Exercise details →
When you reach the line that contains "La Sposa Wedding", begin copying exactly and continue through the last line below. Do not copy pictures.

The data: Begin

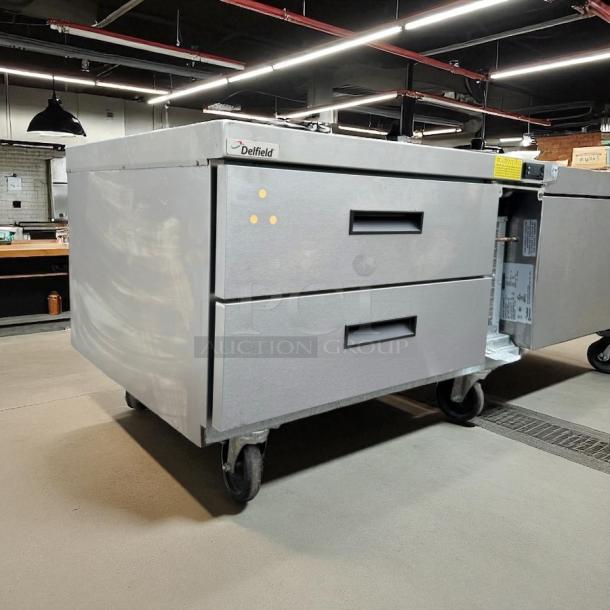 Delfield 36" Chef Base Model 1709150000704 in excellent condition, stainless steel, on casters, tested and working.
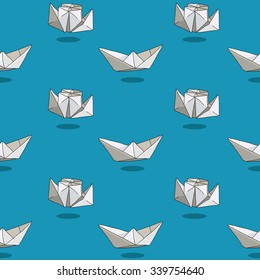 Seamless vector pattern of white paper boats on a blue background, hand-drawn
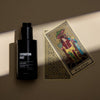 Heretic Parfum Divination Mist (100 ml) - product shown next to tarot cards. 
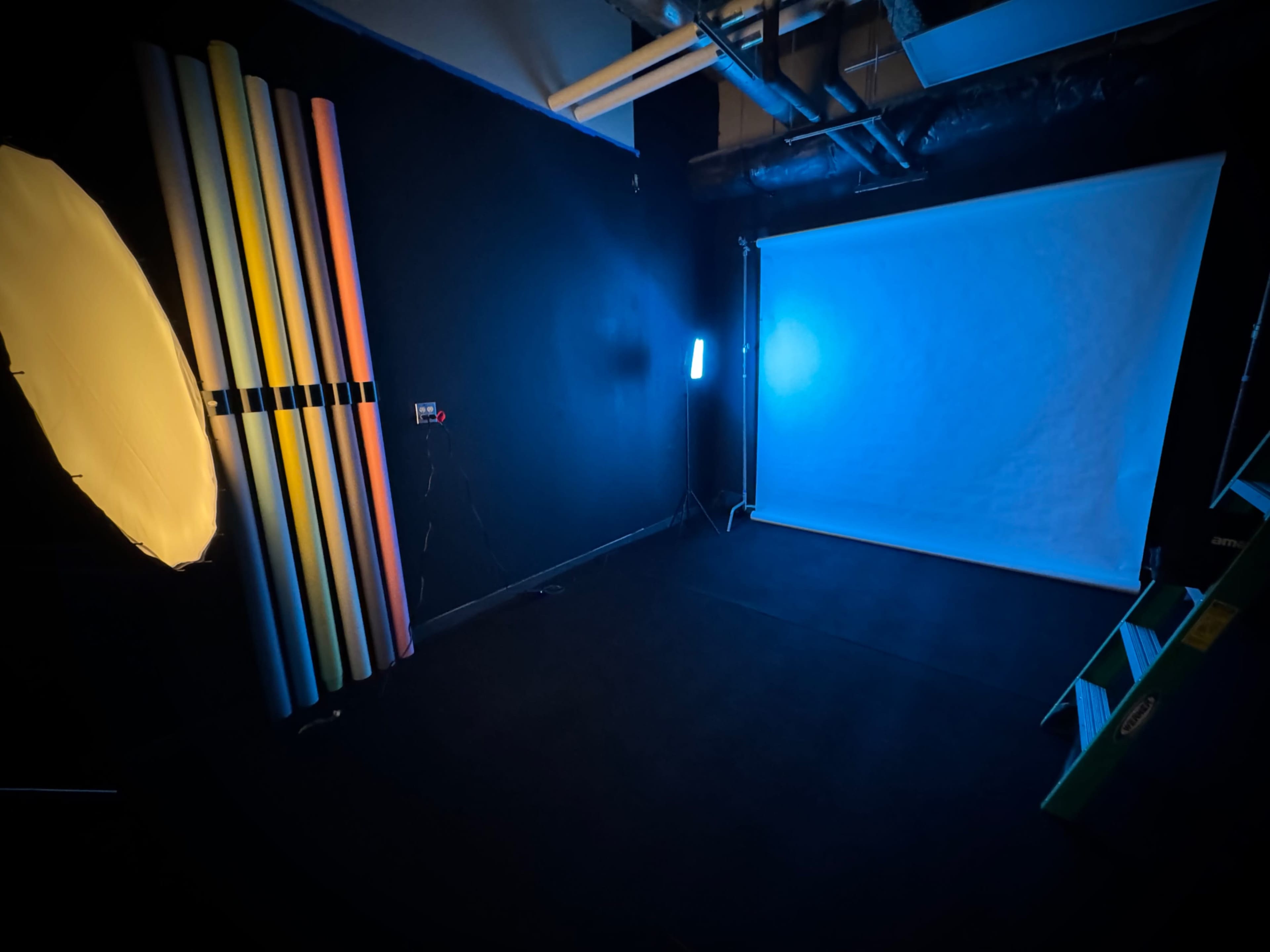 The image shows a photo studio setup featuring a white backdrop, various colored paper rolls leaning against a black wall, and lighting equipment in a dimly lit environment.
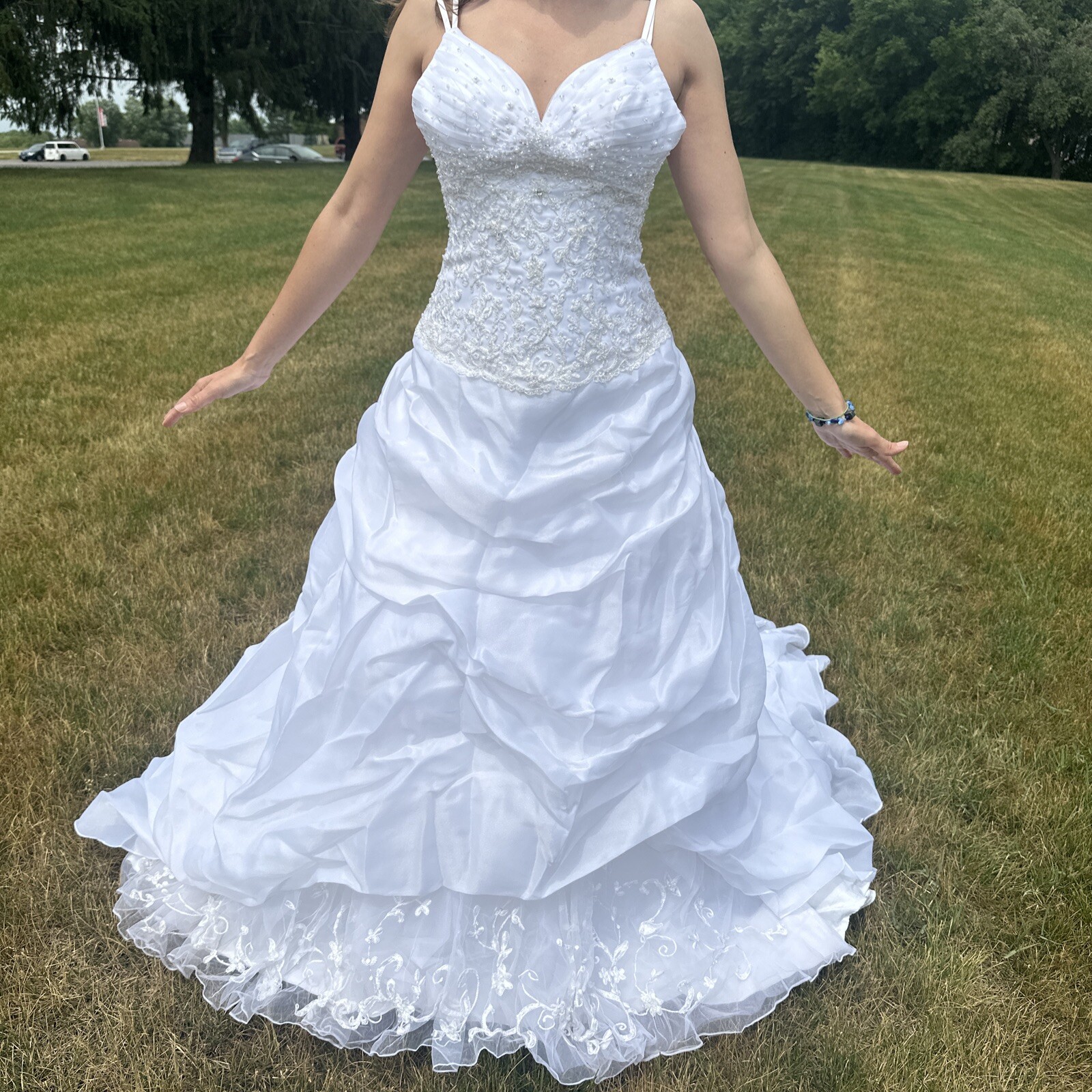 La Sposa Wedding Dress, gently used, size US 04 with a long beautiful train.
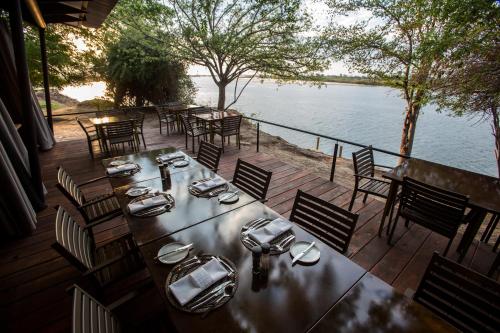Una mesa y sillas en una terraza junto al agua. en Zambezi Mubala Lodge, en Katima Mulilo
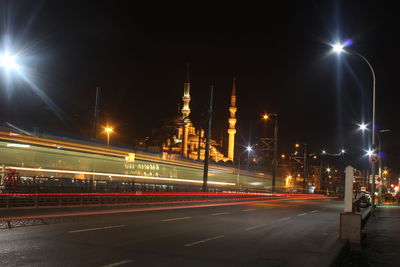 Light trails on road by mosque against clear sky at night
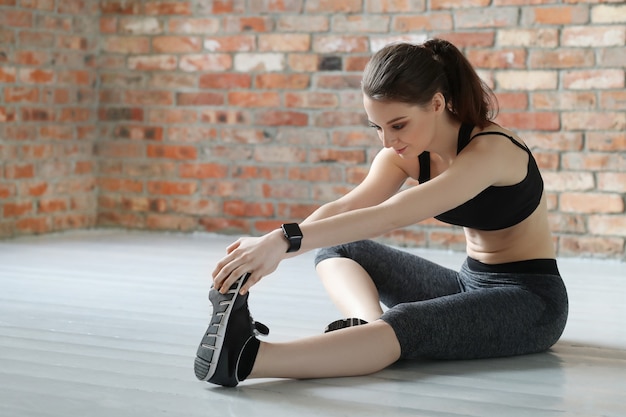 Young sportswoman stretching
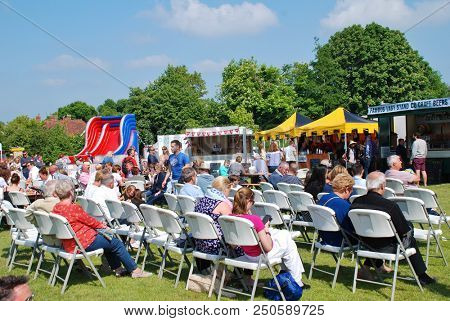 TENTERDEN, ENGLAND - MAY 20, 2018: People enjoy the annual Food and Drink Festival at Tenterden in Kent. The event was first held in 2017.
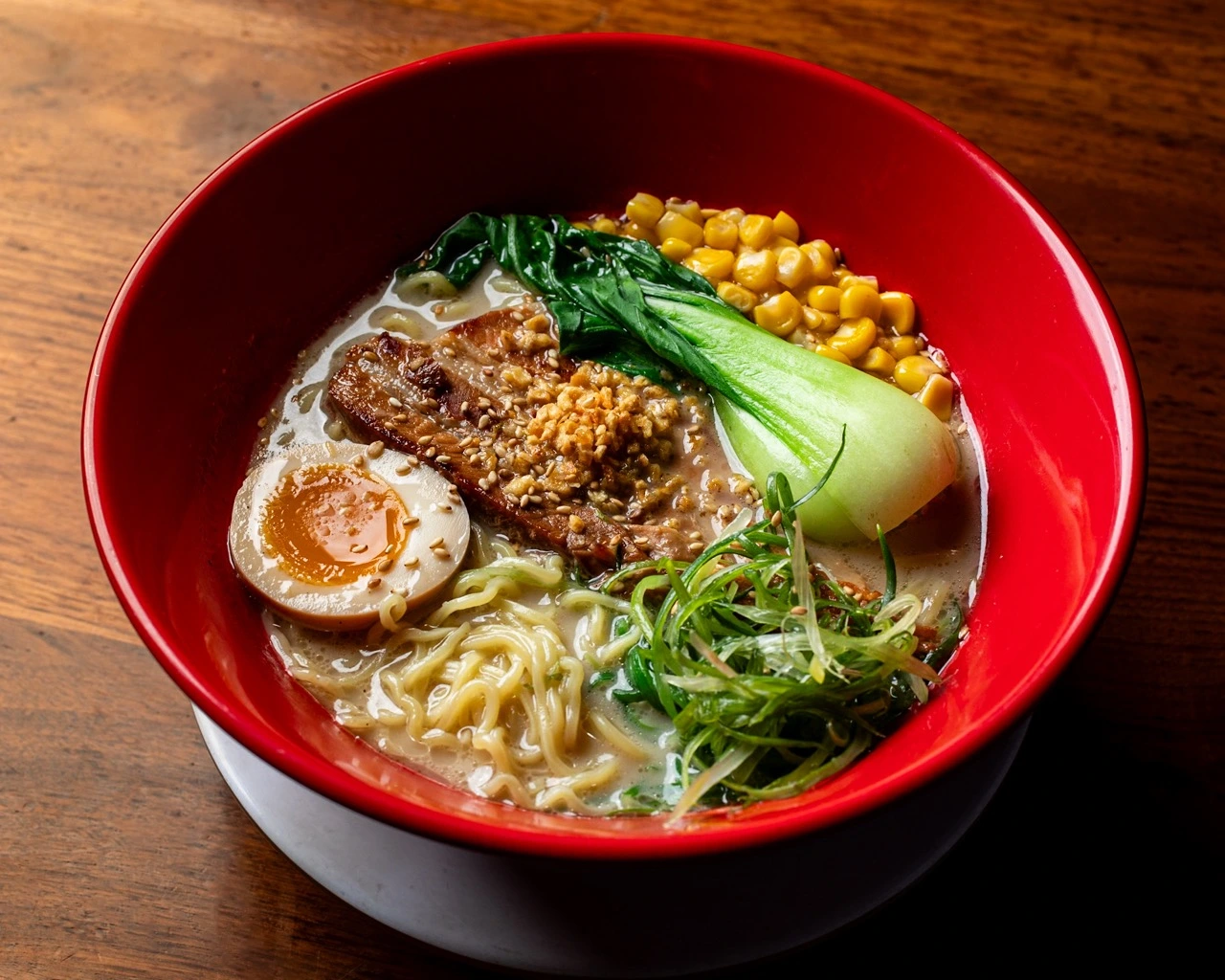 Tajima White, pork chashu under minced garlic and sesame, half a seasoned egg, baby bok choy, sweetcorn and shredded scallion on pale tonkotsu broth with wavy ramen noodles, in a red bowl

The data: End

Solved exercise →
 La Sposa Wedding Dress, gently used, size US 04 with a long beautiful train.
Una mesa y sillas en una terraza junto al agua. en Zambezi Mubala Lodge, en Katima Mulilo
 Light trails on road by mosque against clear sky at night
 Young sportswoman stretching
 TENTERDEN, ENGLAND - MAY 20, 2018: People enjoy the annual Food and Drink Festival at Tenterden in Kent. The event was first held in 2017.
 Tajima White, pork chashu under minced garlic and sesame, half a seasoned egg, baby bok choy, sweetcorn and shredded scallion on pale tonkotsu broth with wavy ramen noodles, in a red bowl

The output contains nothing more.